I’m finding that babies and gardens are what remind me of time passing.
A month ago, our garden box was organized rows of little seedlings and in just a few short weeks, it is now an explosion of towering sunflowers, bolted bok choy and a gigantic cucumber vine growing up the tomato stems.
Noah turns 1 tomorrow and going over the photos and videos that made up his year 1 brought back memories of things I had forgotten.
The way he would coo and flap his hands at 3 months, the season of losing his hair at 4 months, the days he just lay on the changing table.

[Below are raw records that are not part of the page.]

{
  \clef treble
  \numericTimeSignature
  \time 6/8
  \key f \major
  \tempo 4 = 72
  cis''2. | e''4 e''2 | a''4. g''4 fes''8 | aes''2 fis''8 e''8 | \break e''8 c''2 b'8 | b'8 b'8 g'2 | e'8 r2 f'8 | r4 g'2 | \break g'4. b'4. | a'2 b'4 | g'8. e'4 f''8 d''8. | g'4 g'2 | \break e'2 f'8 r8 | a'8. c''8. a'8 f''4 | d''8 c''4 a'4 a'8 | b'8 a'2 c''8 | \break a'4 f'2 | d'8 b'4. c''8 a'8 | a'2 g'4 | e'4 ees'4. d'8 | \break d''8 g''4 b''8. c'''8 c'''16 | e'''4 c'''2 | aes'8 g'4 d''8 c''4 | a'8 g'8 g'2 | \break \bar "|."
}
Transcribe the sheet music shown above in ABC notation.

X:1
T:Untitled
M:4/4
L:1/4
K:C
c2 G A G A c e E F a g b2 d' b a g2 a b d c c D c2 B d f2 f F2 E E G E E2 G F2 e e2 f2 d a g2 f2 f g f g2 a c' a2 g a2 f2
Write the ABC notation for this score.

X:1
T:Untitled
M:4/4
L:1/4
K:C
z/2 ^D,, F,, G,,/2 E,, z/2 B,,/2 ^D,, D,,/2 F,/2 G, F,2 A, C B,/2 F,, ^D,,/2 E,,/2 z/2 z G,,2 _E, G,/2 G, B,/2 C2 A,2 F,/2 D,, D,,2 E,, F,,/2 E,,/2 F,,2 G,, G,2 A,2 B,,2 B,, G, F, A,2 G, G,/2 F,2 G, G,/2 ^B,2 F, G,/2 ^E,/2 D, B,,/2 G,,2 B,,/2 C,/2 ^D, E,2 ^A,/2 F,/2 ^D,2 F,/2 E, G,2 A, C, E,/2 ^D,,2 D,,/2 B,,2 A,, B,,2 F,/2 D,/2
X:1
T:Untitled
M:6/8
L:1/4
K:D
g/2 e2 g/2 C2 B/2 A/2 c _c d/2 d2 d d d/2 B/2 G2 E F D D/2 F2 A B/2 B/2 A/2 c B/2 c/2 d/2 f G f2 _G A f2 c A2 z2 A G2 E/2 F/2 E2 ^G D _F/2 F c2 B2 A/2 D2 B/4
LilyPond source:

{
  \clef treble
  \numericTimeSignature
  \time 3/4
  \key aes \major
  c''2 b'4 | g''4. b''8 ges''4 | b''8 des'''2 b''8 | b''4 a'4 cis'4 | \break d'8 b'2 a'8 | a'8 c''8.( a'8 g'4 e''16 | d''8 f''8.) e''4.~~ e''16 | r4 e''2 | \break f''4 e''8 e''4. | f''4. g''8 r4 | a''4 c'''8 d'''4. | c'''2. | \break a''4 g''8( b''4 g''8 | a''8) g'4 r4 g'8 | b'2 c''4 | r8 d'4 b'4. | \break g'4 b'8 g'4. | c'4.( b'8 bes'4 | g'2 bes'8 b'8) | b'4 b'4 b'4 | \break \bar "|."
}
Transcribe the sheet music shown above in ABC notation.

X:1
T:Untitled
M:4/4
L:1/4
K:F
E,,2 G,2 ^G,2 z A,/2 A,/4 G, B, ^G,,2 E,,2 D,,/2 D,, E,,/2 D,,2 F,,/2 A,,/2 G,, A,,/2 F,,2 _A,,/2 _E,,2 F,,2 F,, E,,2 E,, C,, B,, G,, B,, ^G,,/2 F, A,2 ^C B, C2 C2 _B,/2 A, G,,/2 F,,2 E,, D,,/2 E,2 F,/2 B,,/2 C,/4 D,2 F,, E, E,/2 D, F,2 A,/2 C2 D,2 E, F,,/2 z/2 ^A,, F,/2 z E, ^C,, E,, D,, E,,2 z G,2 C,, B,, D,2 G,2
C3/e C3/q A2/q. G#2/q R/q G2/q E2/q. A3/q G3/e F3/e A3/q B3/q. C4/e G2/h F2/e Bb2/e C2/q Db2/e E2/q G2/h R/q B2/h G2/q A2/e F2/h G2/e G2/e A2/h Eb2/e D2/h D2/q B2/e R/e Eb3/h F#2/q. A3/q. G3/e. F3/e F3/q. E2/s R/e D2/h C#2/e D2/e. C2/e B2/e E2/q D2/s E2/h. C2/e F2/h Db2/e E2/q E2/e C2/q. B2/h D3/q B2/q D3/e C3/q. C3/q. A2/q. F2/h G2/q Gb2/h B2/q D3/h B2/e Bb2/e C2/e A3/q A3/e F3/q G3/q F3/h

It’s strange how time seemed to pass so slowly, the minutes stretching on before he could go down for his next nap, and now looking back, it seems like time had accelerated, bringing about so much change in the short span of a year.
I went back to my McGill lab office yesterday and my things were just as I had left it a year ago.
My half-used chapstick horizontal near my pile of old lab notebooks.
My collection of inspirational quotes, comics and photos still hanging from Dollarama magnetic clips.
My desk neighbor, Jesse, with his masala tea and Sikh turban, peering at magnified images of metals on his computer.
The microwave that predated me still splattered with dots of dried curry.
The only thing changed was the tomato seedling by our windowsill that was now a dead, shrivelled stump.
Time is a strange thing.
I am going back to a life I have forgotten, the muscle memory slowly coming back as I start my rituals of rinsing glassware, snapping on my latex gloves, scrawling today’s date on the top right hand corner of my lab notebook.
It feels familiar and I am grateful for that.
The baby is now down for a nap, and I need to get back to making graphs on PRISM, tweaking color schemes on figures.
But I thought I would first jot down some thoughts on returning to lab this week and how it has made me think about the passing of time.
P.S. Future posts will most likely be more short thoughts rather than longform, given me straddling motherhood and PhD.